Action item
Extract, exactly as written, each line from the start of the records below to the line containing "In this recording, we", both ends included; drop the pictures.

Provided information
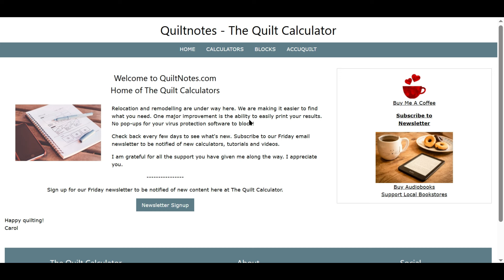This is Quilt Notes, the Quilt Calculator, and the web address is quiltnotes.com.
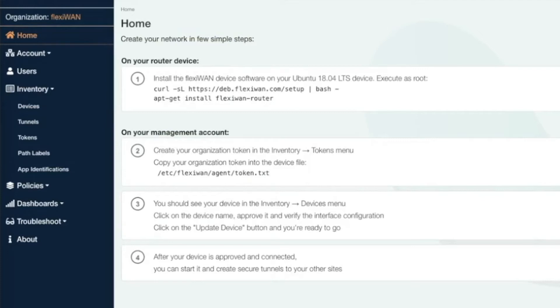Before we start, please make sure to check our system requirements from the documentation page linked in the video description. FlexiWAN requires relatively modern hardware with two CPU cores and four gigs of RAM.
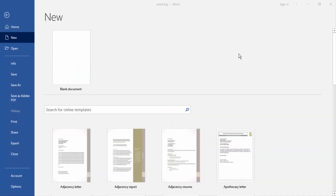Assalamu Alaikum! Hello friends, how are you? In this video, I am going to show you how to move bullet points left in Microsoft Word. Let's get started.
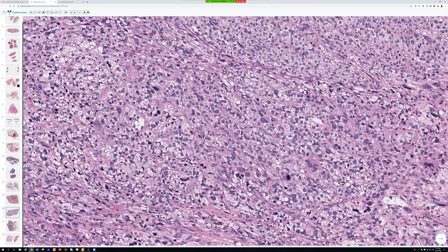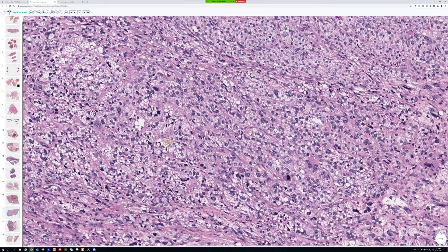But this doesn't look anything like undifferentiated pleomorphic sarcoma. This looks like adrenocortical carcinoma or something. It would be unusual to have a 10-centimeter thigh mass that was metastatic adrenocortical carcinoma in a patient with no known primary — that would be strange.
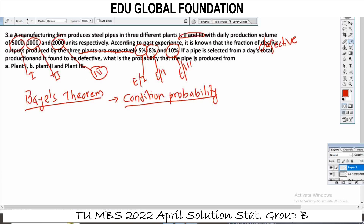If a pipe is selected from a day's total production of 8,000 units, what is the probability that the pipe is found to be defective?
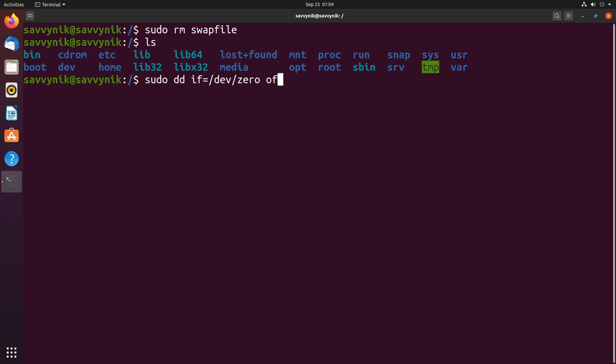We're going to put of and then this is where you specify the location of your swap file. We already had it here in the root directory so that's where I'm going to keep it. I'm going to use /swapfile so we're basically cloning over a bunch of zeros into a swap file.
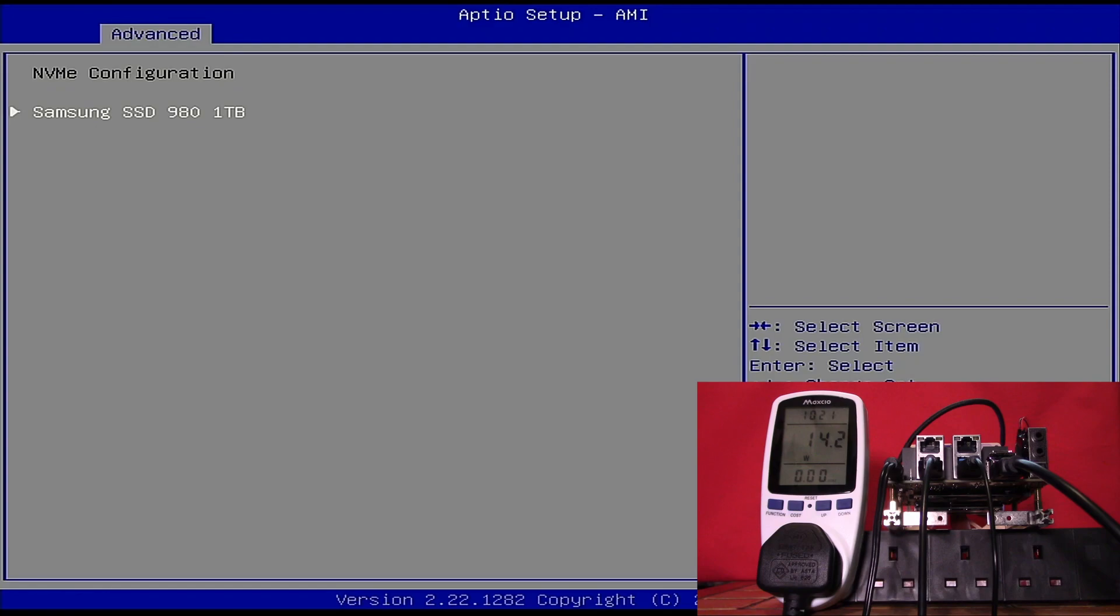Admittedly, this is only running the BIOS, but it's a good test to see what the machine can actually draw in power. What we will do in the next video is get this unit bolted into the frame, get Windows installed on it, and try some performance tests. But that's it for today. Thank you for watching.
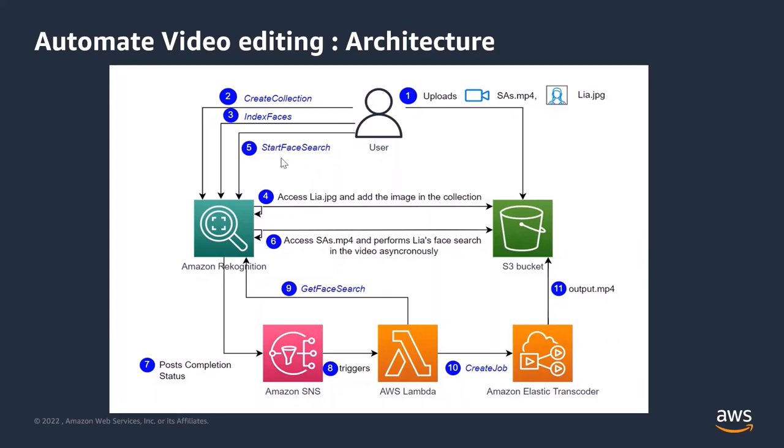Now, in the fifth step, I call the start face search API asking Amazon Recognition to search Leah's bits in the video. Amazon Recognition does the search in the sixth step. This is an async search, by the way. And once the search is finished or completed, Amazon Recognition posts the completion status to an SNS topic at step seven, which then triggers a Lambda function.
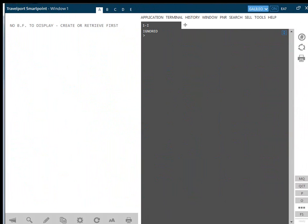In this recording, we will be looking at the various ways of searching for availability within SmartPoint.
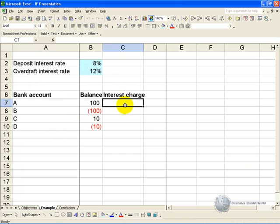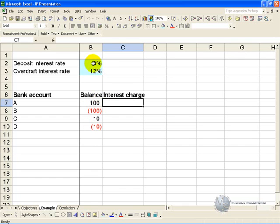We'd like to work out the interest charge, but depending on what the balance is, the interest rate is different. So if it's a positive number, we'll get the deposit interest rate of 8%, but if we are negative or in overdraft, we'll be charged at 12%.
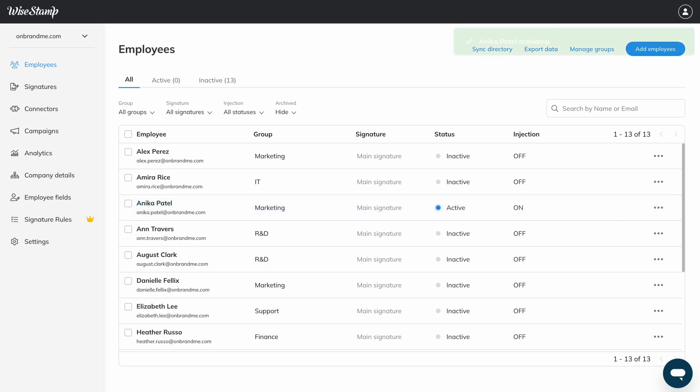As long as you have a connector set up, this employee will now have a professional email signature next time they send an email.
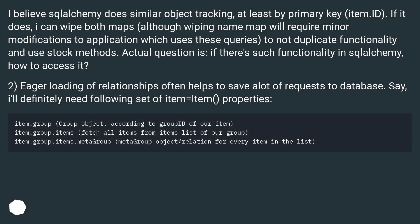I believe SQLAlchemy does similar object tracking, at least by primary key via item.id. If it does, I can wipe both maps, although wiping the name map will require minor modifications to the application. The actual question is: if there's such functionality in SQLAlchemy, how do I access it?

Task response
This is Quilt Notes, the Quilt Calculator, and the web address is quiltnotes.com.
Before we start, please make sure to check our system requirements from the documentation page linked in the video description. FlexiWAN requires relatively modern hardware with two CPU cores and four gigs of RAM.
Assalamu Alaikum! Hello friends, how are you? In this video, I am going to show you how to move bullet points left in Microsoft Word. Let's get started.
But this doesn't look anything like undifferentiated pleomorphic sarcoma. This looks like adrenocortical carcinoma or something. It would be unusual to have a 10-centimeter thigh mass that was metastatic adrenocortical carcinoma in a patient with no known primary — that would be strange.
If a pipe is selected from a day's total production of 8,000 units, what is the probability that the pipe is found to be defective?
We're going to put of and then this is where you specify the location of your swap file. We already had it here in the root directory so that's where I'm going to keep it. I'm going to use /swapfile so we're basically cloning over a bunch of zeros into a swap file.
Admittedly, this is only running the BIOS, but it's a good test to see what the machine can actually draw in power. What we will do in the next video is get this unit bolted into the frame, get Windows installed on it, and try some performance tests. But that's it for today. Thank you for watching.
Now, in the fifth step, I call the start face search API asking Amazon Recognition to search Leah's bits in the video. Amazon Recognition does the search in the sixth step. This is an async search, by the way. And once the search is finished or completed, Amazon Recognition posts the completion status to an SNS topic at step seven, which then triggers a Lambda function.
In this recording, we will be looking at the various ways of searching for availability within SmartPoint.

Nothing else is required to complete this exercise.